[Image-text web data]
*** Block opens ***

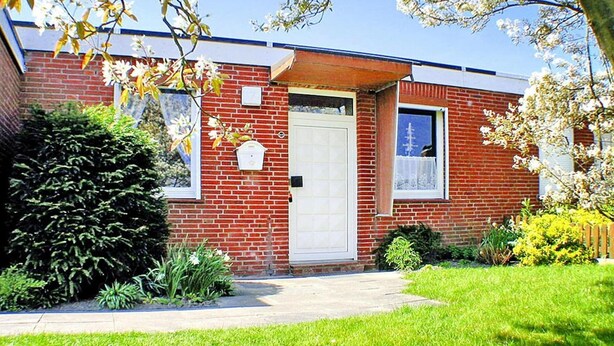 A brick house with a white door, a small porch, and a garden with various plants. - Gemütlicher Bungalow Kabeljau in Dornumersiel (Dornumersiel)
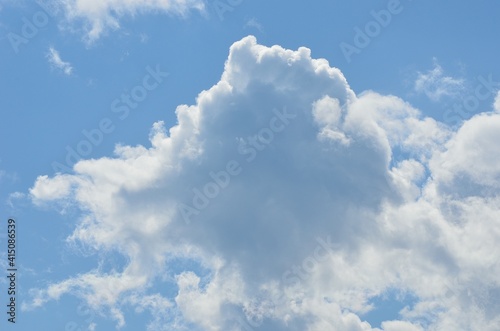 white cloud shapes on blue summer sky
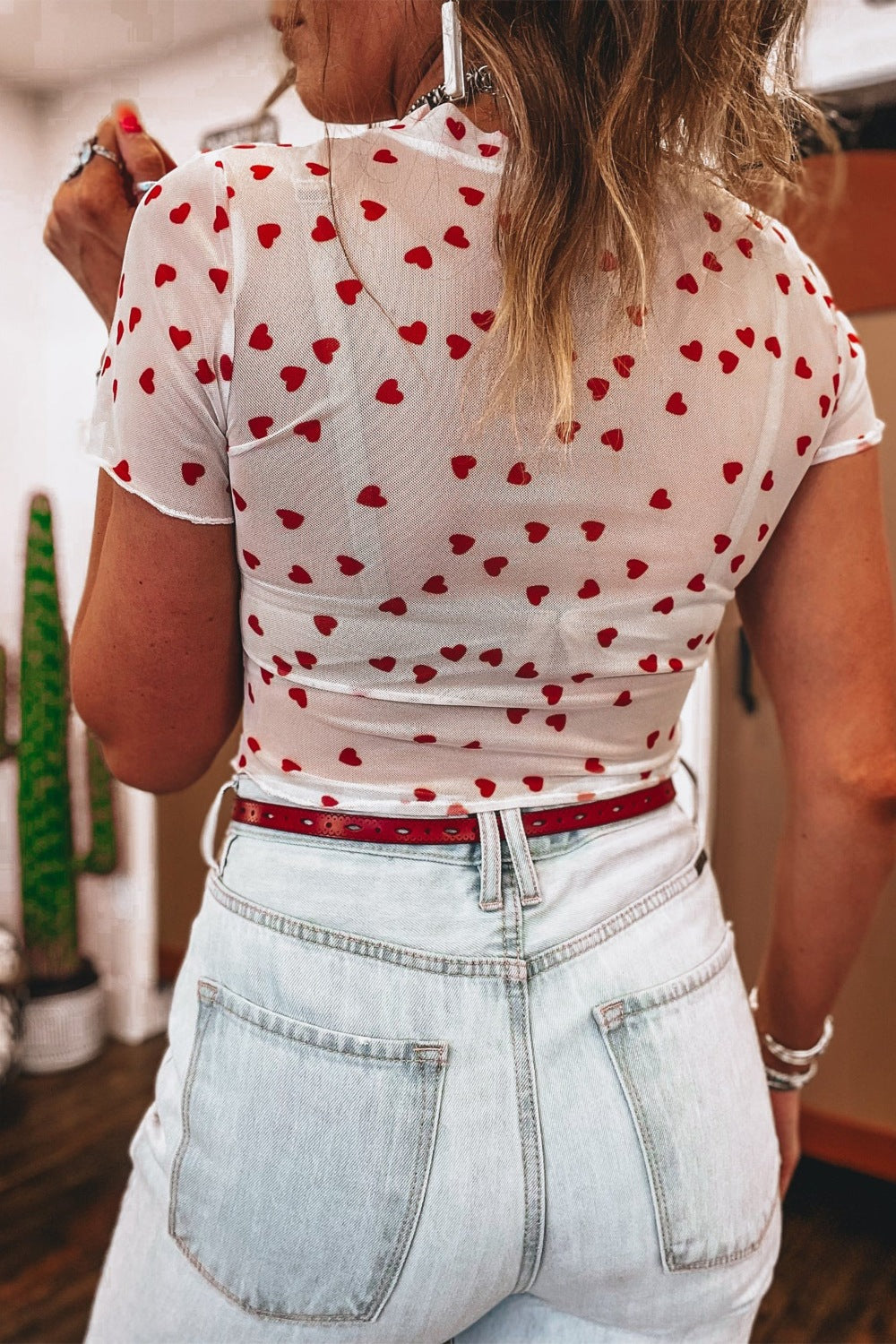 White sheer t-shirt with red hearts, short sleeves, and a cropped fit.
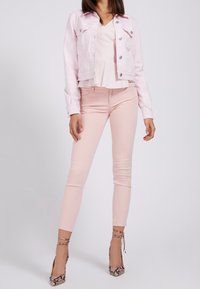 Chaqueta de mezclilla rosa claro con bolsillos delanteros, combinada con una blusa peplum rosa claro y pantalones ajustados rosas. Destacan unos tacones altos de estampado de serpiente.
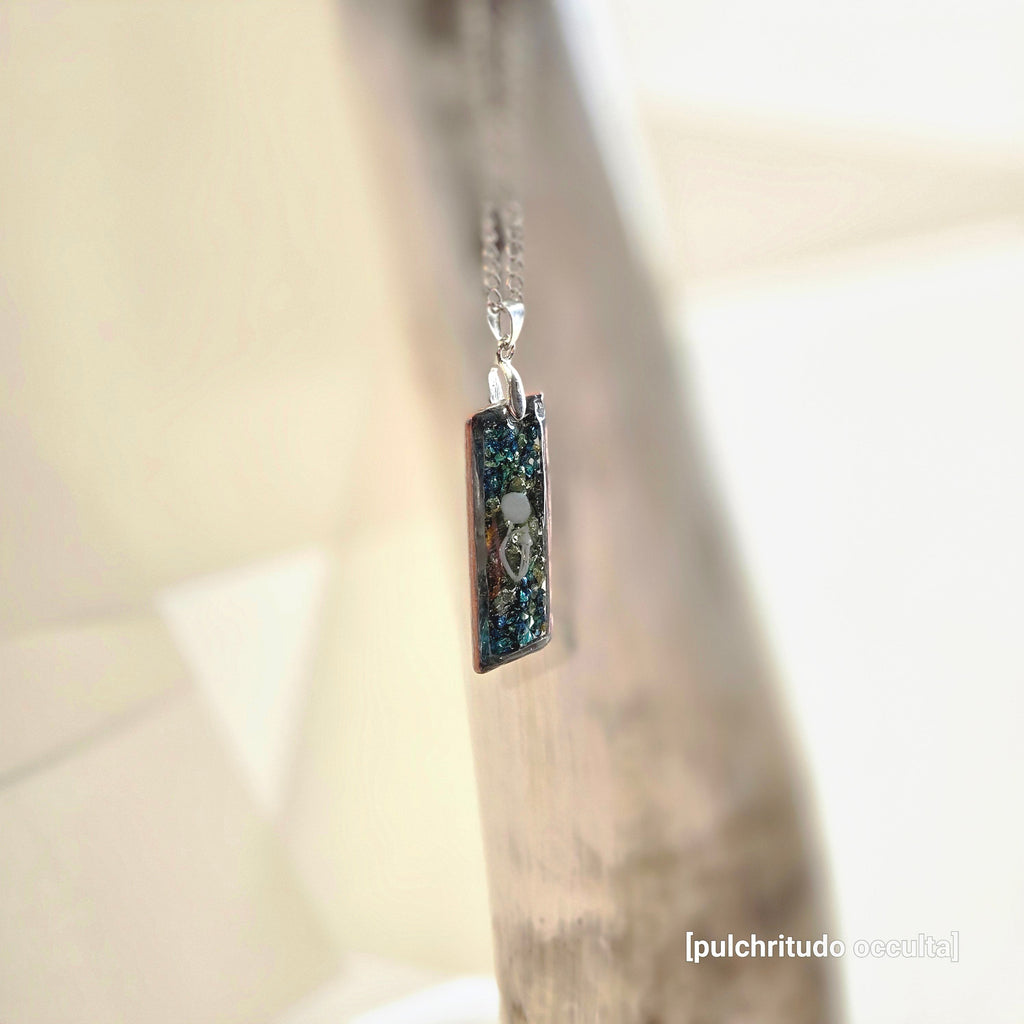 Silver necklace with a rectangular pendant with a metallic background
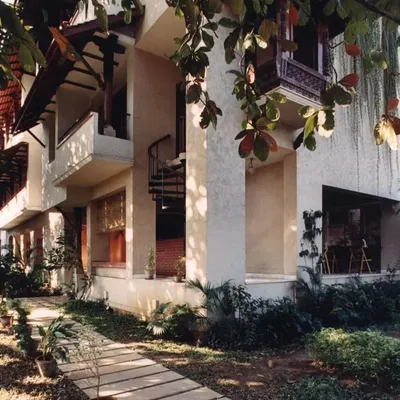The Ayushakti Health Resort in Mumbai, a tranquil oasis designed on a narrow urban plot. The building's form uses setbacks and balconies to maximize light and air.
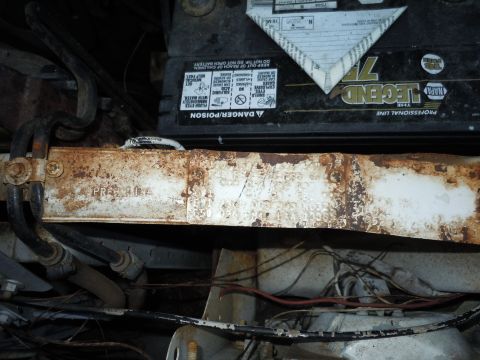 2001 Ford Crown Victoria - Close-up of a car battery and a heavily rusted metal component, likely from an engine bay.
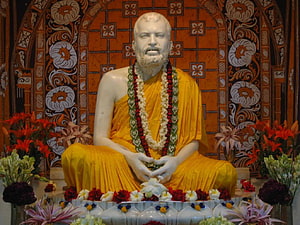 Sri Ramakrishna Statue in Yellow Robes with Floral Garlands and Ornate Backdrop HD wallpaper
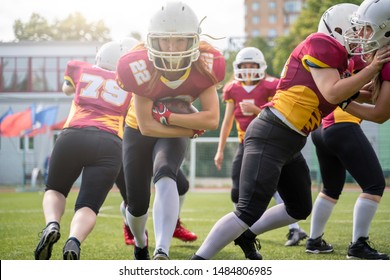 Full-length image of athletes women playing american football on green lawn on summer day - Powered by Shutterstock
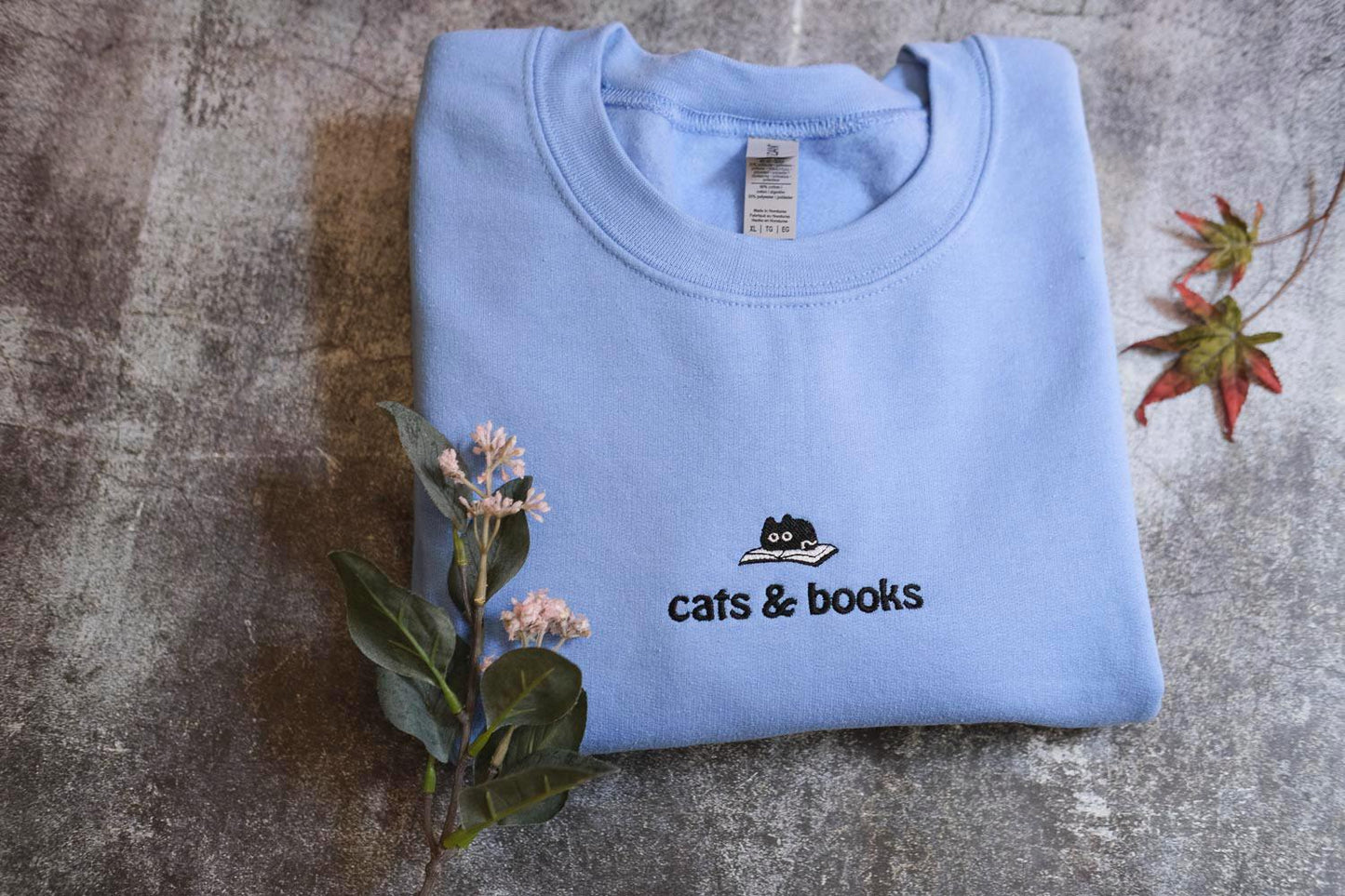 a t - shirt that says cats and books on it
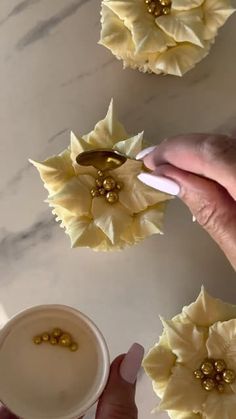 someone is holding some flowers in front of a cup and saucer on a table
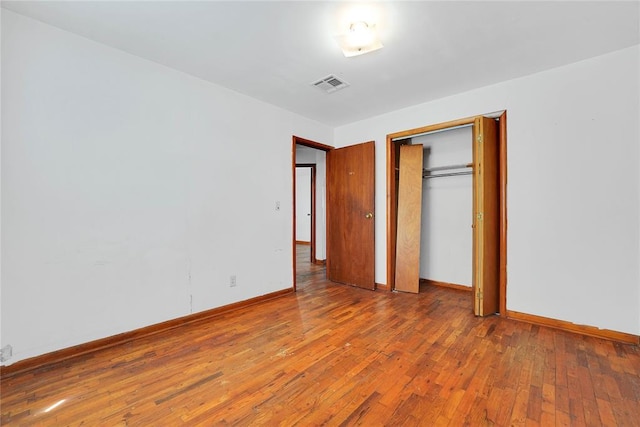 105 E E Walk, Canute, OK 73626 - unfurnished bedroom featuring hardwood / wood-style floors and a closet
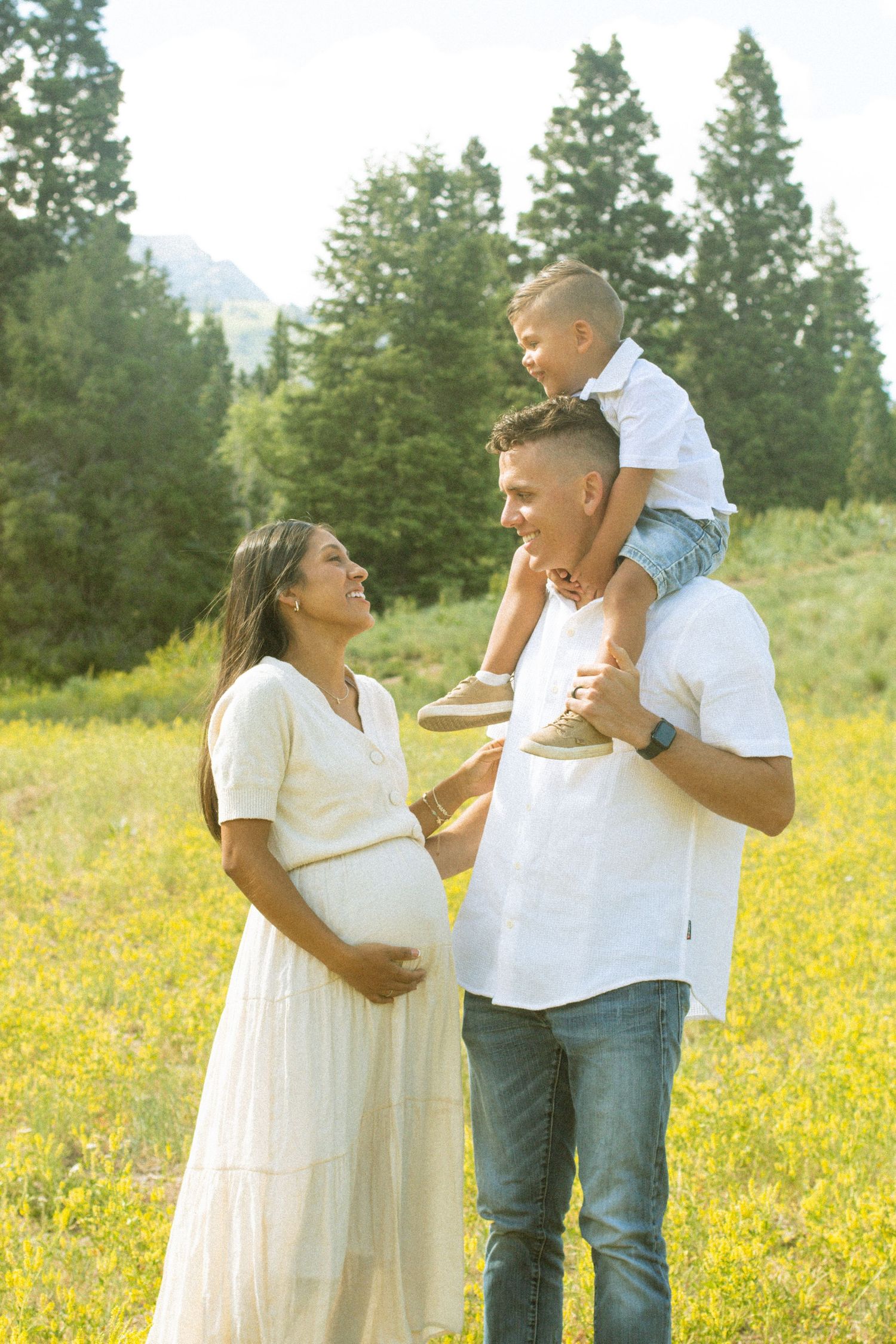 A couple shares joyful moments in a field of yellow wildflowers with evergreen trees in the background.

*** Block closes ***

Reproduce only the lines from the first line of the entries through the line containing "The Ayushakti Health", exactly and with both ends kept. Omit the pictures.

## Exercise solution
 A brick house with a white door, a small porch, and a garden with various plants. - Gemütlicher Bungalow Kabeljau in Dornumersiel (Dornumersiel)
 white cloud shapes on blue summer sky
 White sheer t-shirt with red hearts, short sleeves, and a cropped fit.
 Chaqueta de mezclilla rosa claro con bolsillos delanteros, combinada con una blusa peplum rosa claro y pantalones ajustados rosas. Destacan unos tacones altos de estampado de serpiente.
 Silver necklace with a rectangular pendant with a metallic background
The Ayushakti Health Resort in Mumbai, a tranquil oasis designed on a narrow urban plot. The building's form uses setbacks and balconies to maximize light and air.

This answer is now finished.